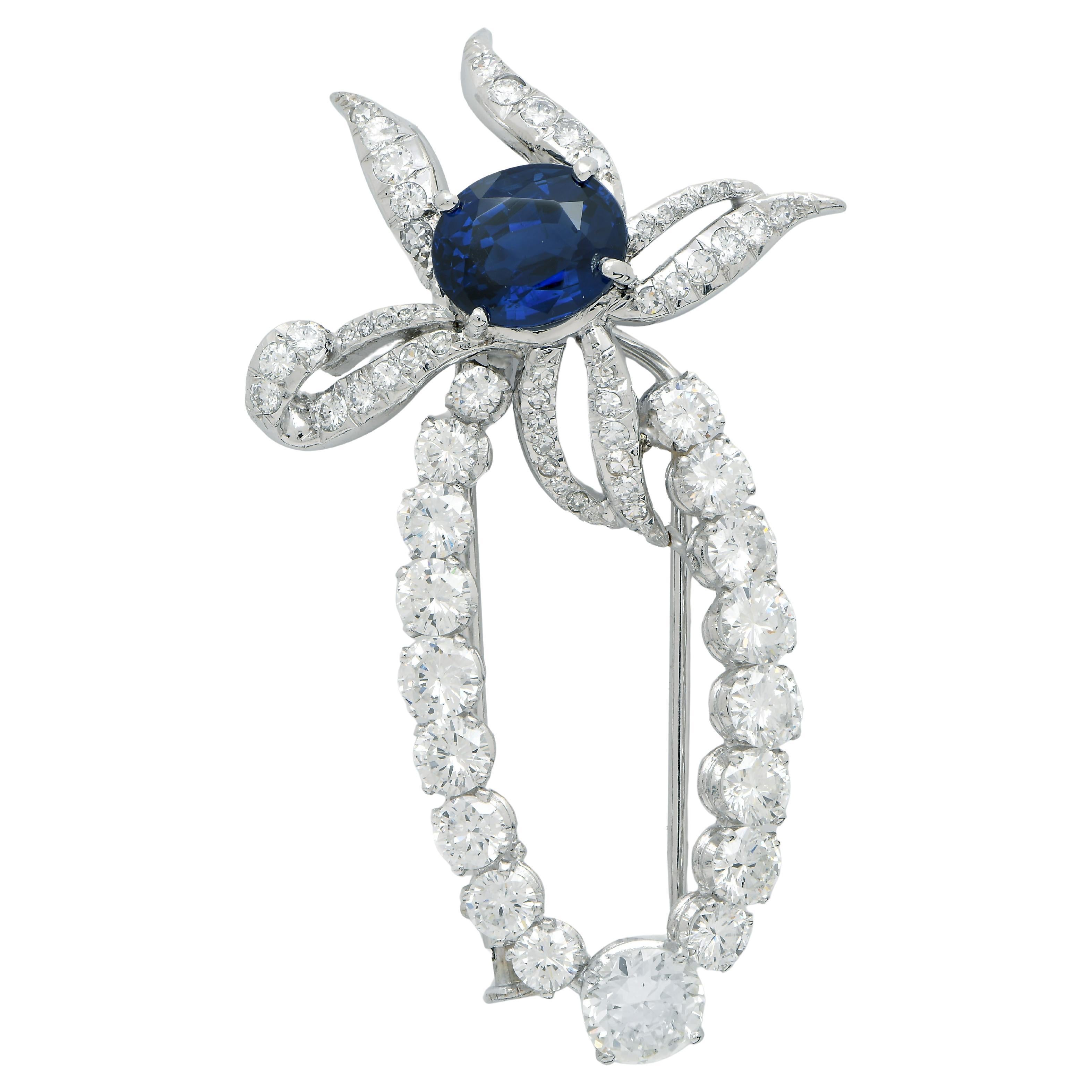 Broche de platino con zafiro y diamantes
----
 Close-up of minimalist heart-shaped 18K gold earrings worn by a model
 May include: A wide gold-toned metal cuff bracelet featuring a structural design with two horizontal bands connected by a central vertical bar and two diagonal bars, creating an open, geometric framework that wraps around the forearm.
----
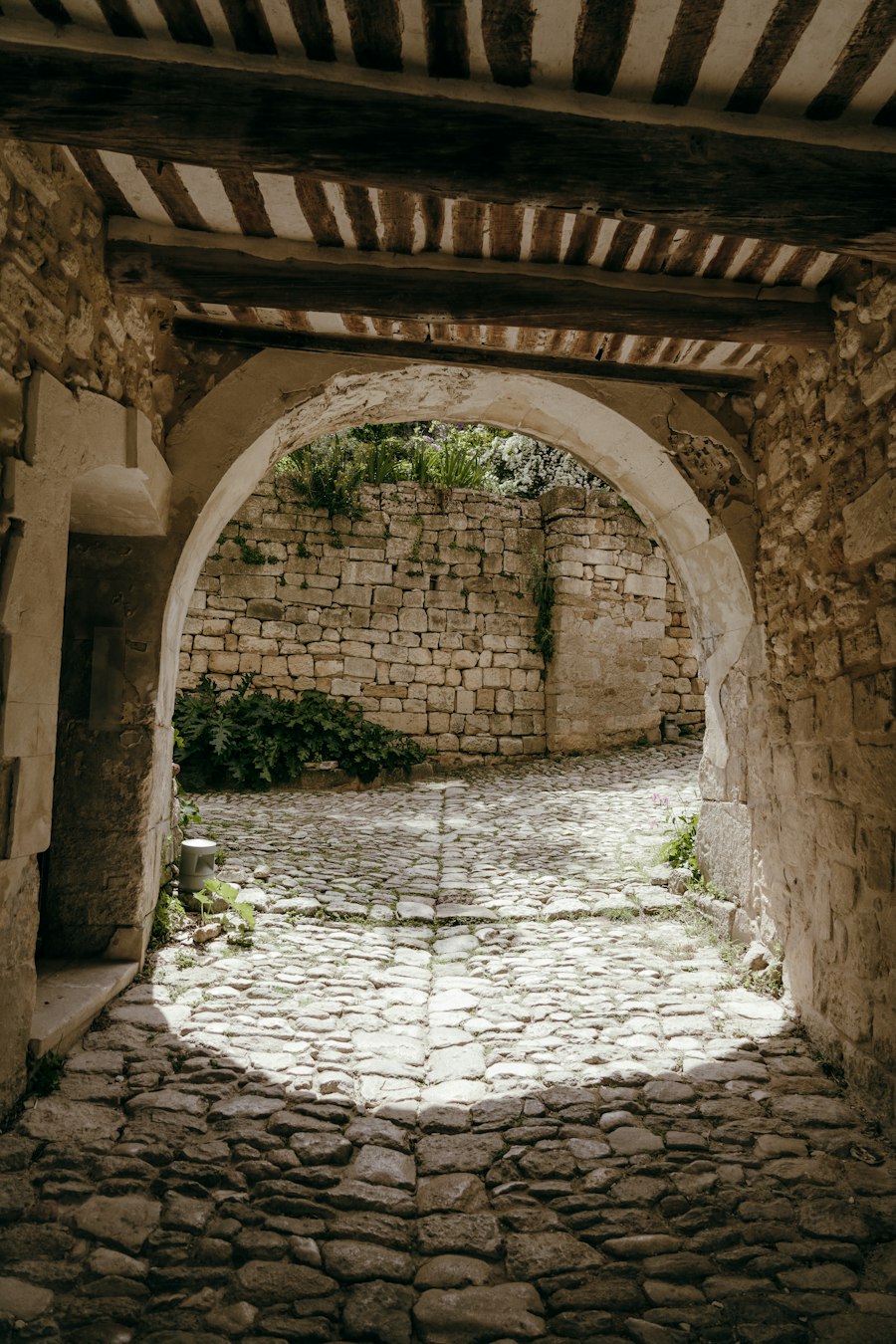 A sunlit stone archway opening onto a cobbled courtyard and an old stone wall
----
## [Your task]
In the records above, find each line with the word "gold" and copy it.

## [Your solution]
 Close-up of minimalist heart-shaped 18K gold earrings worn by a model
 May include: A wide gold-toned metal cuff bracelet featuring a structural design with two horizontal bands connected by a central vertical bar and two diagonal bars, creating an open, geometric framework that wraps around the forearm.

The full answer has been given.